Below, in full, is her response to Australian Prime Minister Kevin Rudd’s announcement of a 5% reduction in emissions by 2020, that appeared in yesterday’s The Age newspaper here in Melbourne.
Like so many others, I feel this policy response is nothing short of disgraceful. After just one year in office, to pander to the wants and needs of the elite few, those powerful primary industry leaders with vested interests in ‘business as usual’, at the opportunity cost of society, perhaps of all humanity was a callous act. To my mind, he has lost the limited integrity and respect he had built up these last 18 months or so, with one woefully weak response. Robyn is right in arguing that the issue needs real leadership. I fear we need new leadership already. This is not the man on who’s promises so many Australians’ hopes and dreams were placed last November. We voted for something better. Sadly, we got the same. Kevin, your social and political capital have just been reduced dramatically. It is a shame the same won’t be said of our emissions.
Please read on.
Real leaders would set real targets. Robyn Eckersley, December 16, 2008. The Age Newspaper.
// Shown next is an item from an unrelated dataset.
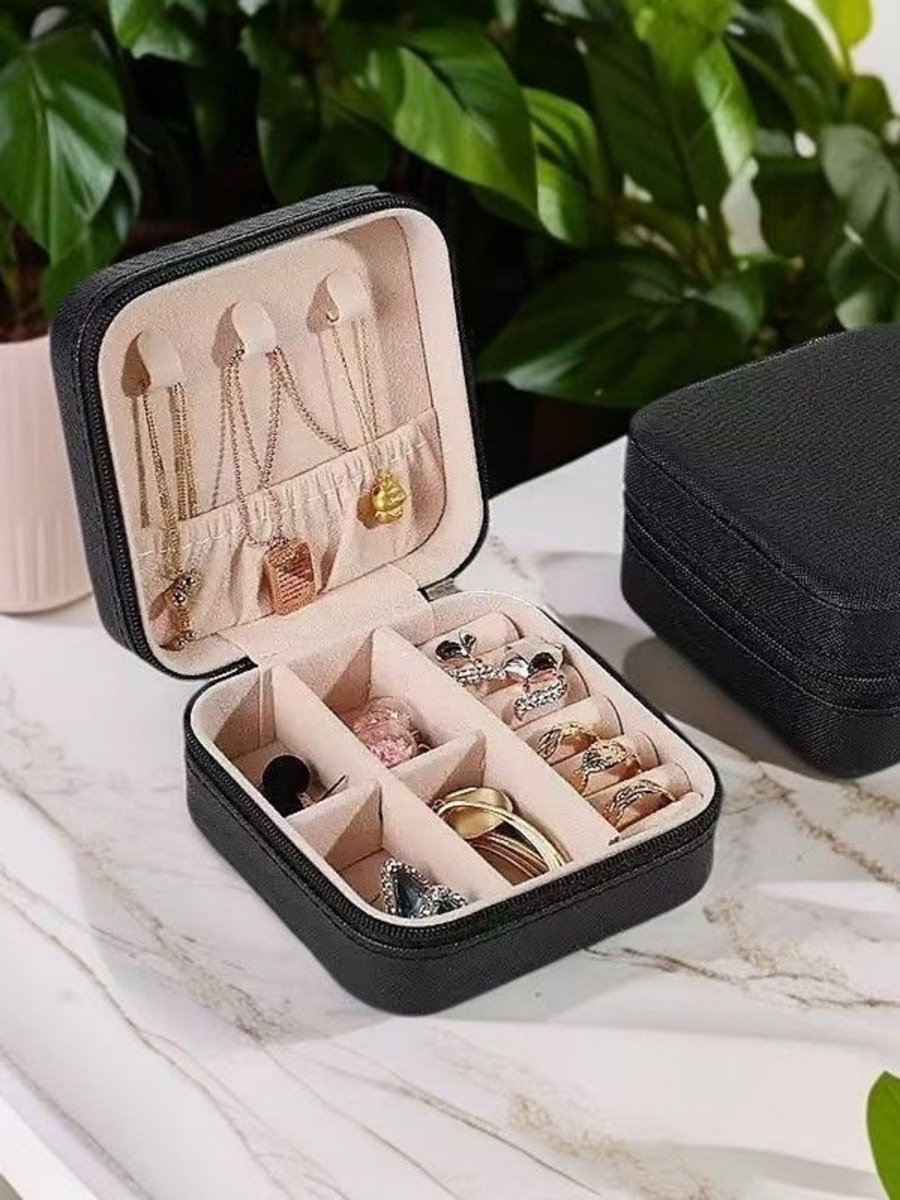 Black Travel Jewelry Organizer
Climate change was one of a handful of policies on which the Labor Party distinguished itself from the Coalition during the 2007 election campaign. Following Kevin Rudd’s ratification of the Kyoto Protocol immediately after his election, the international community hoped that Australia would shift from a climate laggard to a climate leader.
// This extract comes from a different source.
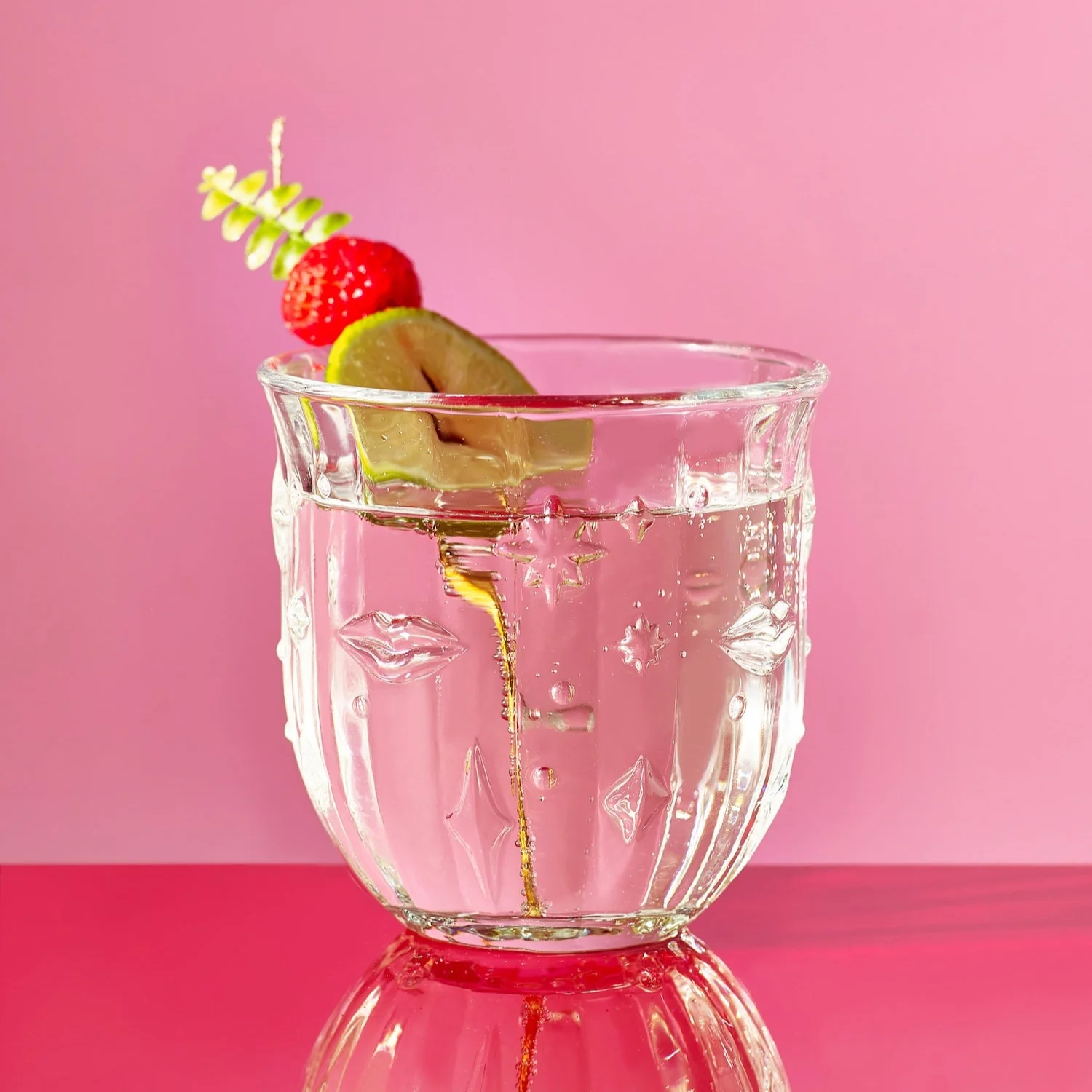 Electric Coast Lips & Stars Glass Tumblers - Set of 4 - Image 3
Twelve months later, the long-awaited white paper on a carbon pollution reduction scheme, the centre-piece of the Rudd Government’s response to climate change, suggests this hope has been misplaced.
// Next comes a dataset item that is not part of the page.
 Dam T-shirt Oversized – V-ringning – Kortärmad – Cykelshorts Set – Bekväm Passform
The success of any national carbon trading scheme depends on the comprehensiveness of its coverage of greenhouse gas emissions, the fairness of its distribution of the burden of mitigation, the effectiveness of assistance and other compensatory mechanisms provided to disadvantaged members of the community and, above all, the robustness of the emissions reduction trajectory or targets.
An Australian cap-and-trade scheme that is impeccably fair from the perspective of domestic stakeholders may be still considered a travesty by the international community, particularly the most vulnerable nations, if its emissions reduction targets are weak.
It is the medium-term 2020 target that really matters most. This is not simply because today’s cabinet will no longer have to take responsibility for meeting this target from their retirement homes or graves in 2050. It is because the best available climate science tells us that deep and early cuts in emissions in the next decade will be most effective in reducing the risk of dangerous climate change.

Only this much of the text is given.